CeBIT panel: For wireless use to grow, security innovations needed
If corporate hot-spot use is to grow, better security is needed, experts say
Computerworld - NEW YORK -- Wireless hot spots for Internet access are all the rage for many on-the-road IT users but are they secure enough for companies to allow their use with critical business applications?
That was the topic yesterday of a panel discussion at the second annual CeBIT America 2004 conference at the Jacob Javits Convention Center here, where experts from several wireless technology companies mulled over the security and safety of hot-spot usage by corporate IT workers.
While security always remains a concern with wireless access, the panelists agreed, there are ways to ensure that safe use -- and continued vigilance can keep it that way.
"Love [the] access, but don't trust it ... and secure it," said Frederick Felman, vice president of marketing at firewall and security software company Zone Labs Inc. in San Francisco. Many large businesses are already incorporating hot-spot wireless access into their mobile strategies, he said, and they are finding ways to make it secure using policy management and service providers who take their security seriously.
"In the '90s, IT wanted to give more access to applications" over the Web, Felman said. "Now, we want to make them more secure."

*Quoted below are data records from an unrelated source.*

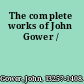 The complete works of John Gower /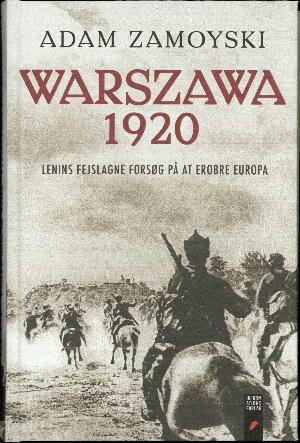Warszawa 1920 : Lenins fejslagne forsøg på at erobre Europa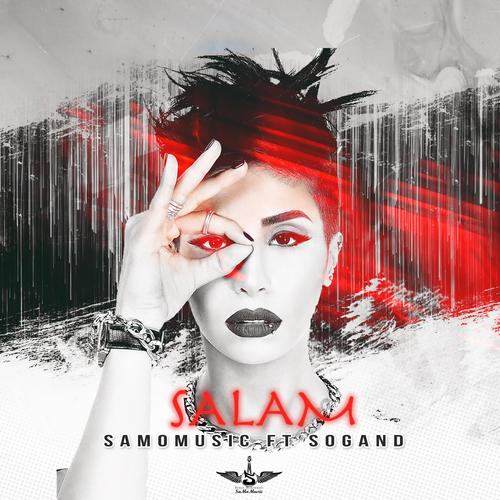 Salam (feat. sogand)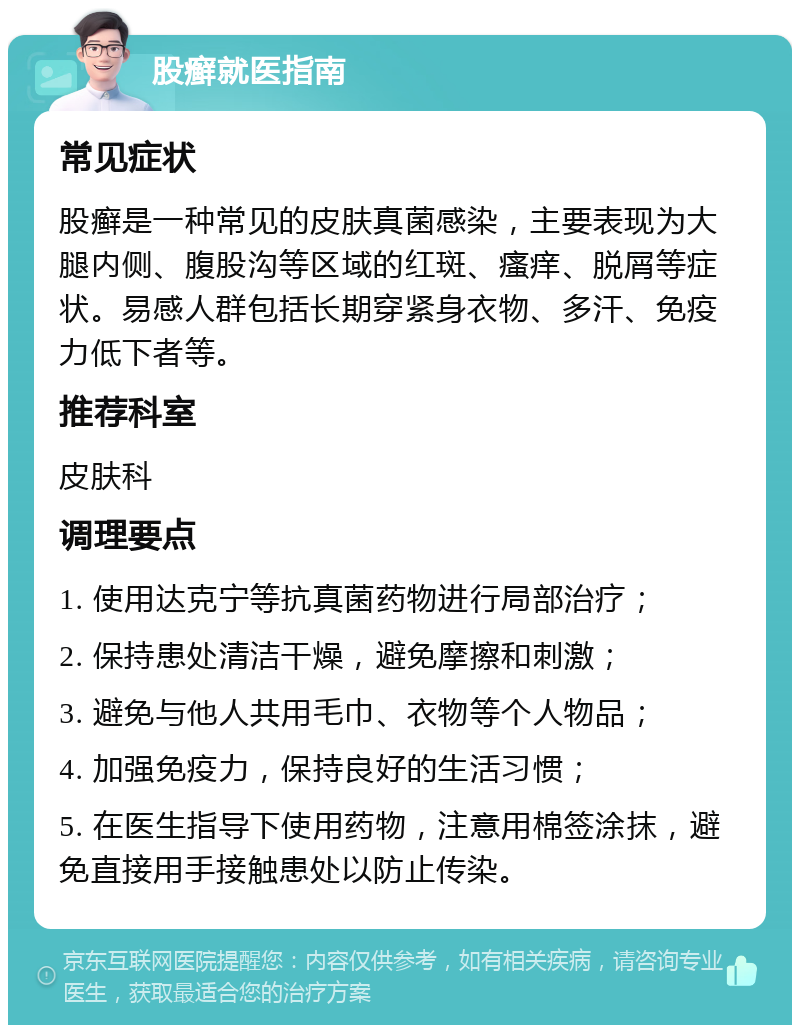 股癣就医指南 常见症状 股癣是一种常见的皮肤真菌感染，主要表现为大腿内侧、腹股沟等区域的红斑、瘙痒、脱屑等症状。易感人群包括长期穿紧身衣物、多汗、免疫力低下者等。 推荐科室 皮肤科 调理要点 1. 使用达克宁等抗真菌药物进行局部治疗； 2. 保持患处清洁干燥，避免摩擦和刺激； 3. 避免与他人共用毛巾、衣物等个人物品； 4. 加强免疫力，保持良好的生活习惯； 5. 在医生指导下使用药物，注意用棉签涂抹，避免直接用手接触患处以防止传染。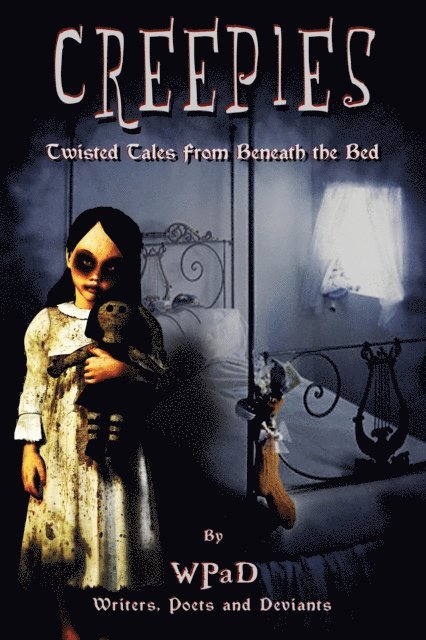 WPaD - Creepies: Twisted Tales From Beneath the Bed, E-bok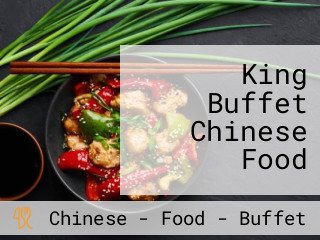 King Buffet Chinese Food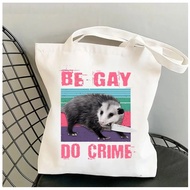 Be Gay Do Crime Possum Women Shoulder Bag Kawaii Shopper Shopping Cartoon Prinring Canvas Bag Should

Fellow panelist Ike Nassi, chief technology officer at FireTide Inc., a wireless networks vendor in Los Gatos, Calif., argued that virtual private networks could also be used to ensure security for hot-spot access, but Felman disputed that view.
"Hackers have huge networks of PCs, and they're usually yours and mine," Felman said, referring to hardware that may have been compromised. "Wireless networks are scary, but wired networks are scary, too."
Panelist Sai Subramanian, vice president of product marketing and strategic marketing for Navini Networks Inc. in Richardson, Texas, said hot-spot use is now so important a tool for many IT workers that new methods will have to be created to boost security.
"In the enterprise setting, as long as people want the freedom of wireless, Wi-Fi will work," Subramanian said. "In the enterprise context, wireless makes perfect sense."